What is a hybrid (tournament hybrid) predictor and why is it a good idea?
Explain indirect branches. Write high-level source code that will result in indirect branches.
Explain why a longer branch history g-share branch predictor increases performance. Explain what could be the problem for a g-share branch predictor that has an extreme long branch history register.
What is a delayed branch and what are pros and cons?
What is an instruction trace cache? What are the benefits of having instruction trace cache?
Provide an example of code section where global branch predictor provides good performance. Provide an example of code section where local branch predictor provides good performance.
A byte-addressable computer has a 128B data cache. The cache block
size is 128 bits.
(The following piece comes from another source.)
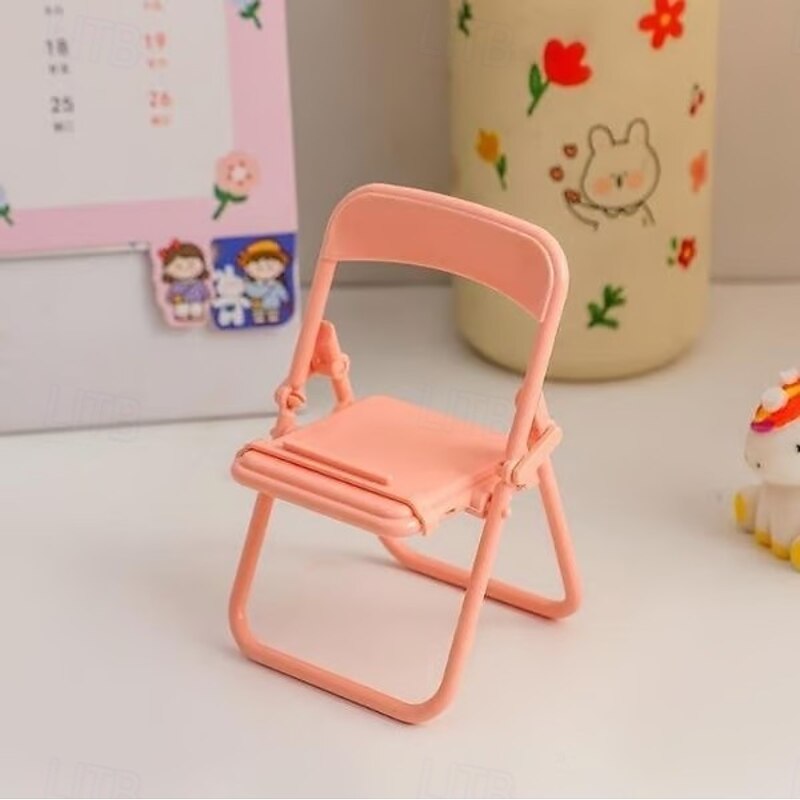 2/4/6pcs Cute Chair Phone Holder Stand, Portable Foldable Desktop Phone and Tablet Stand, Macaron Colorful Creative Lazy Holder, Random Colors4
The cache uses the true LRU replacement policy.
When a given program is executed, the processor reads data from the
following sequence of hex addresses:
0x0500, 0x5004, 0x0508, 0x050C, 0x050A, 0x0500, 0x05F4, 0x0500, 0x0504, 0x0518, 0x051C, 0x054C, 0x05F4, 0x500C
- Compute the hit rate if a direct-mapped cache is used.
- Compute the hit rate if a 2-way set-associative cache is used.
What are differences between write-allocate and no-write-allocate?
What are differences between blocking cache and non-blocking cache?
What kind information is stored in MSHR?